The results of the case study showed that Mylan became a successful monopoly and held more than 90% of unit sales (4). It is hard to believe, but due to its highly-qualified employees, the company was able not only to improve its position in the market but also to succeed financially despite various obstacles. The financial strategy of the company was based on constant acquisitions of the most promising rivals. This strategy extended to the companies outside the United States as well. One of the businesses was even located in the Netherlands. As claimed by the authors of the case study, Mylan switched to the Dutch business environment because it featured lower taxes and a corporate governance regime that was rather responsive to the management of the company (5). The so-called tax evasion was accomplished by means of complex manipulations with the laws, but the company succeeded. This corporate inversion perfectly reflects the aggressive approach that was developed and adopted by the CEO of Mylan. In the face of its visible stringency and irrationality, the financial strategy of the company became its bargaining chip.

Even though the changes were considered unpatriotic by the customers, the company was able to experience significant output growth and did not hesitate to raise the price, considering the fact that it did not have any rivals. This business outlook perfectly combines with the financial and marketing strategies that were mentioned earlier. Moreover, despite corporate inversion being rather common nowadays, Mylan was largely criticized for not paying its share to the US budget. Interestingly, this did not affect Mylan, and the company is still at the top of the charts. Expiring patents and pending litigations slowed the company, but the company’s management is steadily driving its own line and does not pay attention to low-arching risk probabilities. According to the case study, the pricing strategy of the company was largely influenced by the supply chain and its complexity (7).

Its vertical directivity is one of the key strengths of Mylan that support the current approach to the pricing strategy.

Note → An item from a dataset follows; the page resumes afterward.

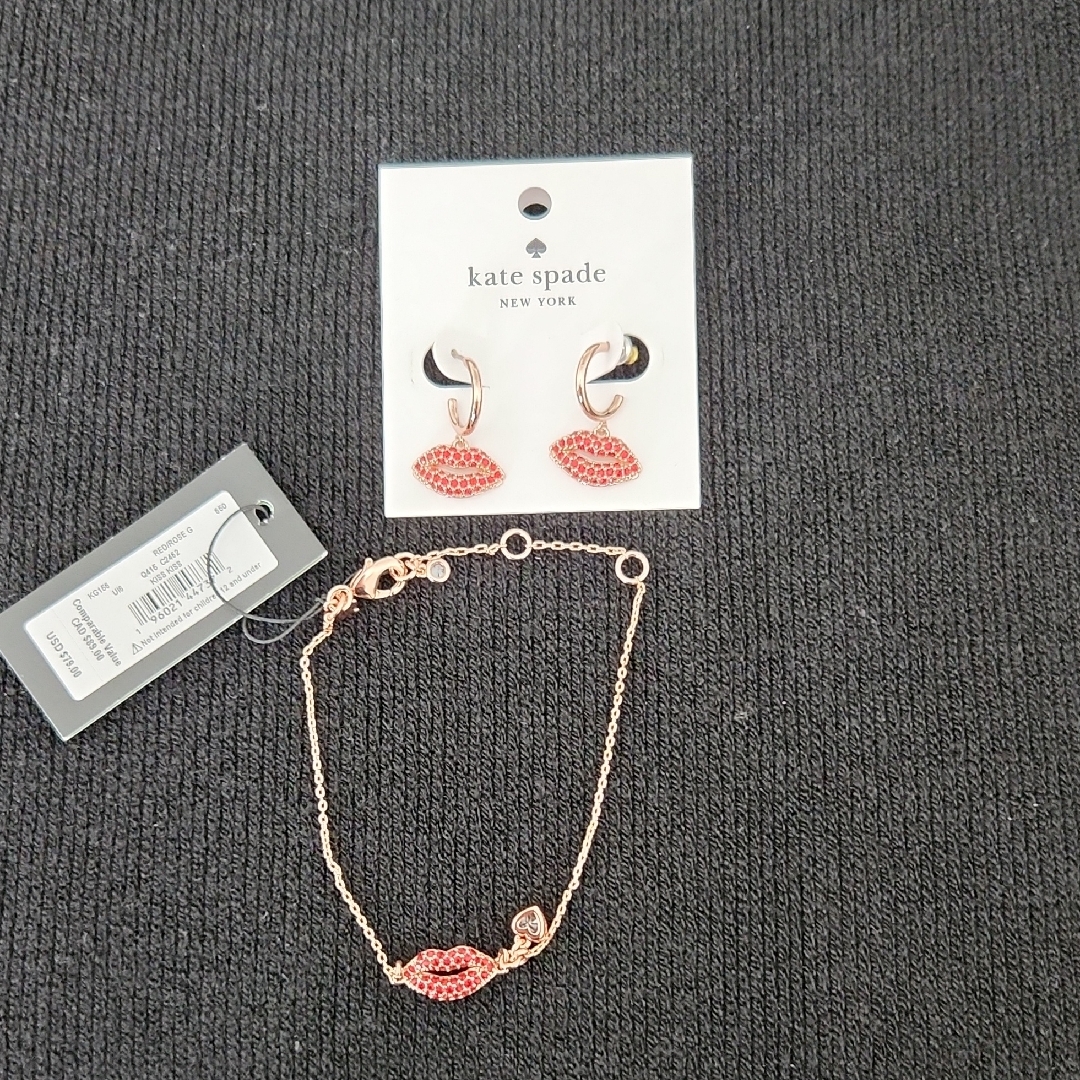 Kate Spade Pink Lip Jewelry Set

On a bigger scale, the company ignored the rest of the market and was adamant about the pricing policy. This became one of the reasons why Mylan currently has so many loyal followers and ardent haters at the same time. Ultimately, this led to a situation where price increases were no longer justified, and the company prioritized its profits over the customers’ needs. In the future, Mylan may encounter a situation where it will be oppressed by specific government regulations. Besides, the company’s pricing strategy will be affected significantly if it loses the majority of its patents on a variety of medications. Based on the information discussed above, I can conclude that regardless of the communal dislike, the company manages to evade business obstacles and stay afloat efficiently. Within the current business environment, such an approach of the CEO of Mylan can be regarded as a skillful manipulation of existing legislation and available resources.